Pero ha pasado el tiempo; el bolchevismo, firme ya, puede permitirse alguna tolerancia; hay un indudable renacimiento de los gustos burgueses como consecuencia de las inevitables concesiones a la burguesía, y aquella pobre gente de la clase media, que durante diez años ha tenido que vestirse con la sobriedad comunista, empieza a sacar tímidamente las viejas prendas tan amadas.

El espectáculo es sorprendente. Después de diez años, nos encontramos de súbito en Moscú con una mujer vestida irreprochablemente a la moda que se llevaba en Londres o en París al final de la guerra. Estas pobres mujeres de la clase media creen que, después de los once años de régimen comunista, la moda de Occidente sigue siendo la misma y portan bizarramente sus toaletas anticuadas con una inconsciencia que da pena. ¡Pobre gente!

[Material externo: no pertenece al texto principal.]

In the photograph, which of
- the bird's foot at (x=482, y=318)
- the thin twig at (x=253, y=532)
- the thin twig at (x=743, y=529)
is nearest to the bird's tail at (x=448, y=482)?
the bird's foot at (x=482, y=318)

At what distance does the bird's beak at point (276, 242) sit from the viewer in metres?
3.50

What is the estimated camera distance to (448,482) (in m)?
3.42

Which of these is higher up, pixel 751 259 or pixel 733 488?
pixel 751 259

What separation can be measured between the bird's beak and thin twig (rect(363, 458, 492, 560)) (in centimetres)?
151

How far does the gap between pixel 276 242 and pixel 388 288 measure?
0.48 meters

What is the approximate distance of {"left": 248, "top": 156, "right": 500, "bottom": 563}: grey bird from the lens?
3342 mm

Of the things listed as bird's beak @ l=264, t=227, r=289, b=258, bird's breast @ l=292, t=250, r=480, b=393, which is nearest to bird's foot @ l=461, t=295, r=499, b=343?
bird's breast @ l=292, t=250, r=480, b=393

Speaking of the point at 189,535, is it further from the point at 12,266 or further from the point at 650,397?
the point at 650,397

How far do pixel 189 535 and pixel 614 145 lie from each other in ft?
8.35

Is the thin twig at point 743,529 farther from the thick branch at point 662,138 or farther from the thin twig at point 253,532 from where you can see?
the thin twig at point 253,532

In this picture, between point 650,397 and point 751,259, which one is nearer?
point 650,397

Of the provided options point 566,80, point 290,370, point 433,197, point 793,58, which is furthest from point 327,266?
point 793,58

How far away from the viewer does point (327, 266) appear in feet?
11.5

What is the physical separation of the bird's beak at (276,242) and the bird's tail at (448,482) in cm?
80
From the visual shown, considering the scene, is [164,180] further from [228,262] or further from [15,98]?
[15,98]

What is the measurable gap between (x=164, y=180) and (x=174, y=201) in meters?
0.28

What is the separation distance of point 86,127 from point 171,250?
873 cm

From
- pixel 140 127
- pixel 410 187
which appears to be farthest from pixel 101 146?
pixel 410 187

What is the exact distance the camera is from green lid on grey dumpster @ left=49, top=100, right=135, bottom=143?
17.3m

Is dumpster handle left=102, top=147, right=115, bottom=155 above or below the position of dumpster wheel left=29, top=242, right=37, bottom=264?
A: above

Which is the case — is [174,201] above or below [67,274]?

El comunismo, que aspira a ser tanto como un sistema económico, una norma moral, se preocupó desde el primer momento de proporcionar al pueblo, a más de lo indispensable, el modo de satisfacer la humana necesidad de esparcir el ánimo honestamente; la deshonestidad, para los que puede ofrecer al pueblo: cinematógrafo, bandas de música y orquestas, exhibiciones de artes plásticas, curiosas demostraciones industriales, todos los entretenimientos instructivos; hay, además, en el parque pequeños campos de deporte con anillas, barras, paralelas y trapecios de los que los transeúntes se cuelgan al pasar para hacer unas flexiones automáticamente, con la misma indiferencia litúrgica con que los fieles católicos toman el agua bendita al entrar en las iglesias. El culto al deporte es ya entre los bolcheviques una verdadera liturgia. Con cualquier pretexto, el joven comunista se aligera de ropa y se pone a hacer gimnasia allí donde le place.

En los primeros años de la revolución, las campañas de propaganda de la higiene y el deporte dieron ocasión a graciosos excesos. Por ejemplo:
A las orillas del Moscova acudía una gran muchedumbre de hombres y mujeres para bañarse. Estos bañistas consideraron que el taparrabos era un prejuicio burgués y lo suprimieron. Desnudos como su madre los pariera entraban en el agua y salían de ella, merodeaban por los jardines y se tumbaban al sol en los muelles. Pero un día pensaron que esto de andar desnudos por las orillas del Moscova y vestidos por el centro de Moscú era también un prejuicio burgués. En el desnudo no hay ninguna deshonestidad, y un buen comunista podía mostrar su desnudez en la Plaza Roja sin que nadie tuviera derecho a escandalizarse.

Siguiendo este razonamiento, uno de aquellos bañistas del Moscova subió una mañana al tranvía y se presentó en las calles céntricas con su paradisíaco atavío. Según la propaganda comunista en cuestiones de moral, esto era perfectamente lícito, y tras aquel revolucionario se lanzaron otros muchos. Las calles de Moscú empezaron a verse salpicadas de ciudadanos perfectamente en cueros que subían a las plataformas de los tranvías y entraban en los restaurantes con la misma indiferencia que si portasen el más correcto chaqué.
Para evitar este grotesco espectáculo, las autoridades comunistas, que no podían invocar razones de moral, tuvieron que hacer una enérgica campaña sanitaria y decir a los practicantes del desnudo que su desnudez les exponía al contagio de terribles e innumerables enfermedades de la piel. Había que vestirse para subir a los tranvías e ir al cine, pero no por ningún prejuicio burgués, sino para reservarse de la sarna. Gracias a este arbitrio, Moscú no se convirtió durante el verano en una colonia centroafricana.

En los parques y jardines hay todavía cierta libertad. Esta propensión del ruso a desnudarse es inalienable. Pero, en fin, se contentan con quedarse en camiseta. En camiseta de sport hay mucha gente que hace la vida de sociedad en Moscú”.

Manuel Chaves Nogales. La vuelta a Europa en Avión. Barcelona. 2012.
Los artículos que componen «La vuelta a Europa en avión» se publicaron por primera vez en el Heraldo de Madrid en 1928.